The large number of signal lines between PU components and the clock component would have to be connected to the clock chip at the boundary of the 2-dimensional chip. Due to spatial requirements for the individual signal lines the size of a component to a large extend is determined by the number of input/output signals; the clock component would have to be increased significantly just to be able to direct the signal lines to the clock chip's boundary. This would result in a clock component much larger in size than required for the actual clock component circuitry. Thus as a consequence unused and therefore wasted chip size would be a further outcome, not to talk about the difficulties of arranging and distributing the huge number of signal lines between clock and PU components within the micro processor system.
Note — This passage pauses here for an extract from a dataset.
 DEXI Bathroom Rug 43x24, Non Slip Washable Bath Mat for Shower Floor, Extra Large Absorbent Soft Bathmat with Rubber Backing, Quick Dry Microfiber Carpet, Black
A linear increasing of the number of signal pins on the clock component with the number of PU components in addition drastically impede the manufacturing process and at the same time increasing the requirements for the manufacturing process itself.
The state of the art approach offers no concept to validate whether the transmitted data has been correctly received by the PU component. Extended error detection and error correction with respect to information exchange between clock and a PU component is not supported, being a central issue in a multiple PU system as with increasing number of components the probability for error situations is increased.
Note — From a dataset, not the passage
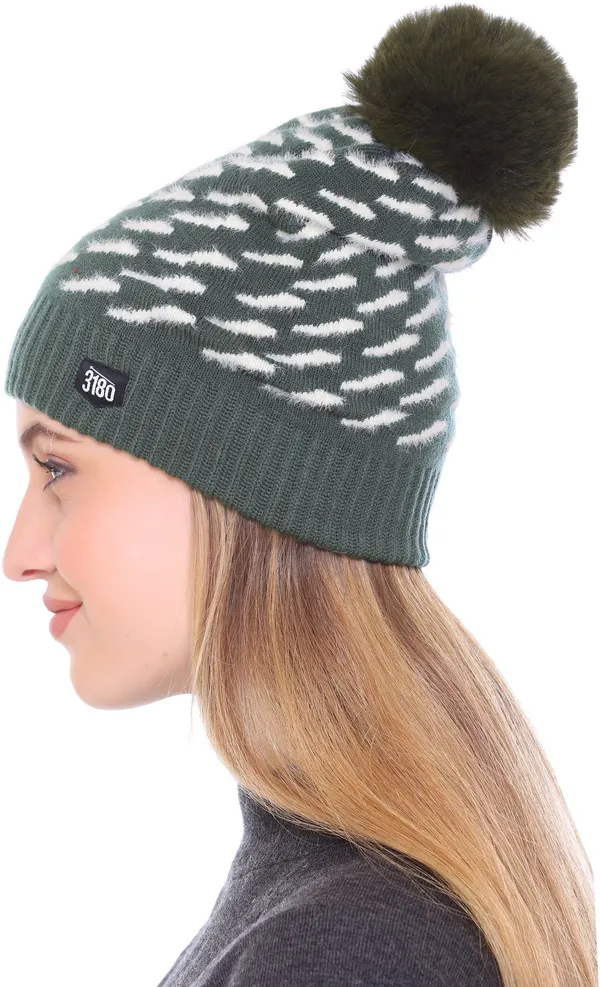 Green_Self_Design_Beanie_Cap_For_Women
Furthermore the large number of signal lines in a multiple PU system exploiting the state of the art approach would significantly jeopardize noise immunity on the clock lines without any chance and support to detect and localize the error.
1.3 Objective of the Invention
The invention, related to a processor system, is based on the objective to provide a new kind of clocking concept and circuitries for communication between the clock and the PU components within a multi-processor system. The invention should help to remove the obstacles in building processor systems with a larger number of PU components.